PAN Manager 6.0 now includes the ability to expand up to three Dell blade server chassis and 48 blades to support multiple physical applications and thousands of virtual machines, Manca said. It includes high-availability and disaster-recovery features.

It works by treating a server blade as a stateless resource onto which any server "personality" based on application requirements can be applied as needed. "It can turn any server blade into any application profile at any time," he said.

The software can be installed on any server platform, and Dell is currently one of Egenera's main go-to-market customers, Manca said.

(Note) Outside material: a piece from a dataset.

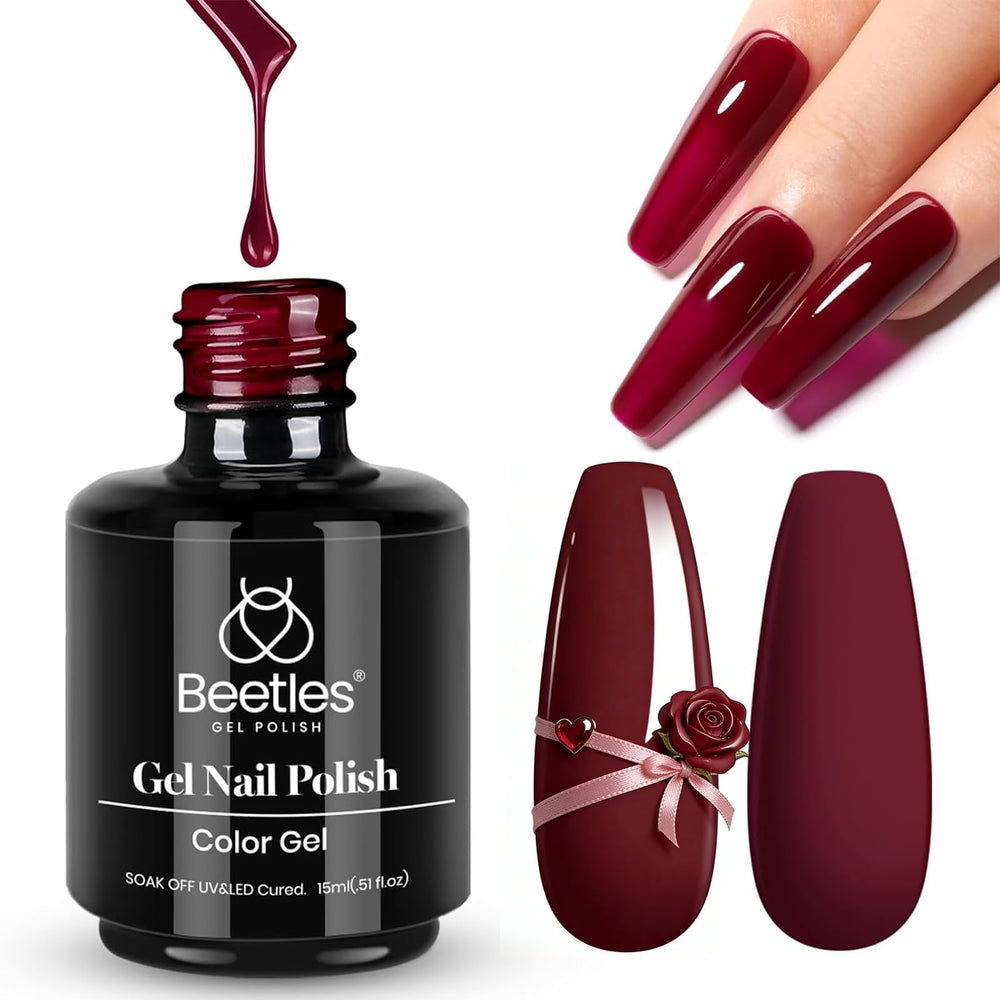 Beetles Oxblood Red gel polish bottle showing deep fall color for nails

Prior to the release of PAN Manager 6.0, Egenera's software could be used to converge the networking and server infrastructure of one chassis, but now that capability can be expanded across three chassis, which are treated as if they were part of a single system, he said. It also handles storage and server networking through multiple 8-Gbps Fibre Channel and 10-Gbps Ethernet links.

Egenera's business through Dell has of late been doubling quarter-to-quarter, Manca said. However, the company also has other OEM customers, although Manca declined to discuss their names.

Egenera is also starting a channel program that will allow solution providers to either sell an appliance based on its software and a Dell server, or provide the software as part of its own hardware offering.

However, the version of the software that scales across three chassis is currently available only through Dell, although that capability will be expanded to other platforms, Manca said.